Step 10: Visualize Results Using Matplotlib


In [39]:
from apache_beam.transforms.window import FixedWindows

# Function to collect pipeline output for visualization
class CollectResults(beam.DoFn):
    def __init__(self):
        self.results = []

    def process(self, element):
        self.results.append(element)
        yield element

# Define and run the pipeline with proper collection
collector = CollectResults()

pipeline = beam.Pipeline()

(
    pipeline
    | "Read Data" >> beam.io.ReadFromText(dataset_path, skip_header_lines=1)
    | "Add Timestamps" >> beam.Map(lambda row: beam.window.TimestampedValue(row, time.time()))  # Add valid timestamps
    | "Clean and Format Data" >> CleanAndFormatData()  # Clean and format data
    | "Apply Fixed Windows" >> beam.WindowInto(FixedWindows(5))  # Group into fixed windows
    | "Sum Calories Per Member" >> beam.CombinePerKey(sum)  # Aggregate calories by member within windows
    | "Group By Window" >> beam.GroupByKey()  # Group results by window
    | "Collect Results" >> beam.ParDo(collector)  # Collect results for visualization
)

# Run the pipeline
pipeline_result = pipeline.run()
pipeline_result.wait_until_finish()

# Debug: Check collected results
if collector.results:
    print("Collected Results:")
    print(collector.results)

    # Process results for visualization
    final_results = []
    for _, grouped_data in collector.results:
        top_5 = sorted(grouped_data, key=lambda x: x[1], reverse=True)[:5]
        final_results.extend(top_5)

    # Visualize the top 5 performers
    if final_results:
        calories = [item[1] for item in final_results]
        member_ids = [item[0] for item in final_results]

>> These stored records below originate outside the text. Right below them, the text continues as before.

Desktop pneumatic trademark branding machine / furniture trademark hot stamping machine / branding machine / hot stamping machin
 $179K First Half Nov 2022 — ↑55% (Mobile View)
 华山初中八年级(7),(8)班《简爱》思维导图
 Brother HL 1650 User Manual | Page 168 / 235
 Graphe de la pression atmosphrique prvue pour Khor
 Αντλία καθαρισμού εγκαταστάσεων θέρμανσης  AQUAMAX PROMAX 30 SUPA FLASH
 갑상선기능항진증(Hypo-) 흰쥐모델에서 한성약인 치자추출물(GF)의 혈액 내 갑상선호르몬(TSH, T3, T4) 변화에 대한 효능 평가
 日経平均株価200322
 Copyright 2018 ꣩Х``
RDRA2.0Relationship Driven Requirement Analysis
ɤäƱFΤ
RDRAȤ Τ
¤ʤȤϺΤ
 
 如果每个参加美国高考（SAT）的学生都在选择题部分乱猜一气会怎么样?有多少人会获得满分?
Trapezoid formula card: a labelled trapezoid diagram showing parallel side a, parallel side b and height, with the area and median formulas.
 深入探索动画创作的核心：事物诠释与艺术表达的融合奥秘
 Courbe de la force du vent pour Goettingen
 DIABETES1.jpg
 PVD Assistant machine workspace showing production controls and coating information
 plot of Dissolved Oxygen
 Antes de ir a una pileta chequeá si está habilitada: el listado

        # Plot the results
        import matplotlib.pyplot as plt

        plt.figure(figsize=(10, 6))
        plt.bar(member_ids, calories, color="skyblue")
        plt.xlabel("Member ID")
        plt.ylabel("Total Calories Burned")
        plt.title("Top 5 Performers by Calories Burned")
        plt.xticks(rotation=45)
        plt.show()
    else:
        print("No data to visualize after sorting.")
else:
    print("No results collected.")


No results collected.


 Final Output Collection and Visualization

In [30]:
import matplotlib.pyplot as plt

# Function to collect pipeline output for visualization
class CollectResults(beam.DoFn):
    def __init__(self):
        self.results = []

    def process(self, element):
        self.results.append(element)
        yield element

# Collector to store results
collector = CollectResults()

# Define and run the pipeline
pipeline = beam.Pipeline()

(
    pipeline
    | "Read Data" >> beam.io.ReadFromText(dataset_path, skip_header_lines=1)
    | "Add Timestamps" >> beam.Map(lambda row: beam.window.TimestampedValue(row, time.time()))  # Add valid timestamps
    | "Clean and Format Data" >> CleanAndFormatData()  # Clean and format data
    | "Apply Fixed Windows" >> beam.WindowInto(FixedWindows(5))  # Group into fixed windows
    | "Sum Calories Per Member" >> beam.CombinePerKey(sum)  # Aggregate calories by member within windows
    | "Collect Results" >> beam.ParDo(collector)  # Collect results for visualization
)

# Run the pipeline
pipeline_result = pipeline.run()
pipeline_result.wait_until_finish()

# Process and visualize results
if collector.results:
    # Print collected results for debugging
    print("Collected Results:")
    print(collector.results)

    # Extract data for visualization
    member_ids, calories = zip(*collector.results)  # Unpack results into separate lists

    # Plot the results
    plt.figure(figsize=(10, 6))
    plt.bar(member_ids, calories, color="skyblue")
    plt.xlabel("Member ID")
    plt.ylabel("Total Calories Burned")
    plt.title("Top Performers by Calories Burned")
    plt.xticks(rotation=45)
    plt.show()
else:
    print("No results collected for visualization.")


No results collected for visualization.